MaggieYouville: What do you wish you’d done differently in your separation / divorce?
Mary Flores: I wish I had been able to get help sooner. I wish I had found spiritual support reassuring me that abuse is not God’s plan for marriage. That I couldn’t just pray more or be a better wife. I also wish I had known what I now know about obtaining legal services through a monthly membership. As much as I was struggling, I surely could have afforded the low fee. I wouldn’t have had to navigate this alone and it would not have taken 4 years.

What I do not regret is my children. They are the greatest blessing in my life and always have been. As a society and as a culture we need to be more aware of domestic violence, which is alarmingly prevalent. Men need to be held accountable as husbands and fathers. The family unit and more specifically, the importance of a woman’s role in caring for her children, needs to be more highly regarded. Abusers should not have equal rights to their children.
I should say also that in the end, it was not one, but three Catholic priests who worked diligently to help me and my children. They made it possible for us to escape. So I will not put the blame on the Catholic Church. However, education about abuse and domestic violence in seminaries and Catholic parishes is vitally needed. The world asked me, “Why did you stay so long?”, implying it wasn’t that bad or that I am stupid, while faithful Catholics shook their heads at me and loudly asked, “How dare you leave?”

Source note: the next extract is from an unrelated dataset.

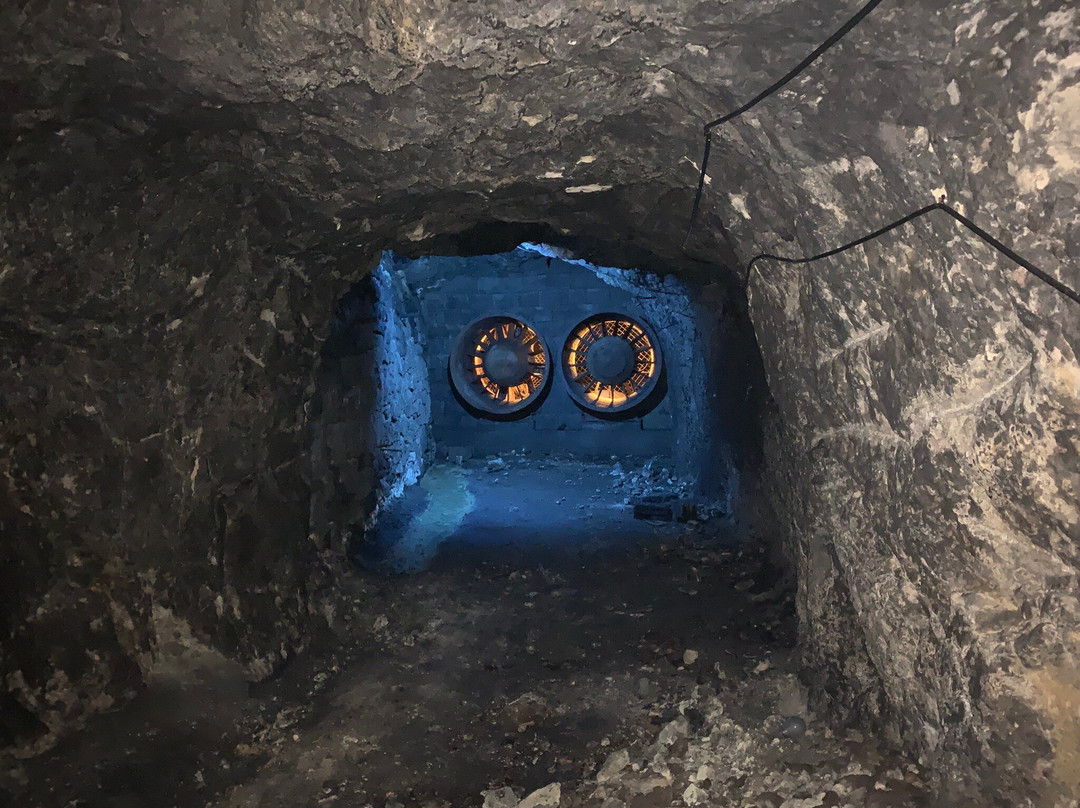 Asphalt Mines-Travers必去景点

I had one family (who knew us well) who sent me letters stating they were continuing to pray for the reconciliation of my abusive marriage! When all was said and done, I received no apology and no support of any kind. And they were not the only ones. I anonymously received a book in the mail which describes the trauma of divorce on children, while denying the effects of living with an abuser. It is a despicable work of statistical manipulation. This is so misguided.

MaggieYouville: What helped you find healing after all this?

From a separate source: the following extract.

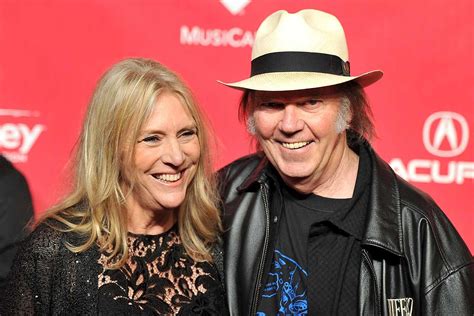 Musicians Take Sides In Neil Young Vs Spotify Battle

Mary Flores: My story ends with an incredible amount of grace that only God could bestow and with lessons of forgiveness and the importance of a person’s last days. Within a year of our divorce, my husband became mortally ill. The years of drinking caught up with him at only age 53. He had caused irrevocable damage, developing hepatorenal syndrome, a diagnosis we did not learn until after his death.
During the weeks he spent in the hospital, I dropped off the boys on several occasions to visit him but I stayed outside. One day, while they were at school, I brought the ICU nurses some cookies to thank them for their hard work. The nurse’s station was right outside his door, and I had the urge to go into his room.
He was on a ventilator so he couldn’t speak but his eyes were open. I laid my hand gently on his forehead, which was very warm, and I was filled with grace and true forgiveness. He looked up at me and through my simple act of empathy, God set me free! Free from years of pain, anger, and fear.
When the doctors informed us that there was nothing more they could do and that he could go home, I knew he had nowhere to go and no one to care for him. I said, “He can come to our home.” His sister nearly fell over. I actually prayed he would live through the transfer. Within 2 days he was there.
We had a wonderful hospice company who took care of everything. It was so healing for both me and the children. My oldest daughter looked at me and said, “It’s so good that he is here. He can’t hurt us anymore”. Miracles happened during the eight days he lived.
Now, four years later, no one has forgotten all the bad. It made us who we are – strong, empathetic, caring, insightful. We chose to grow through it rather than just go through it. We can’t control the bad things that happen to us but we can choose how we respond to them and, once the trauma is over, we can choose to rebuild rather than to live in the pain.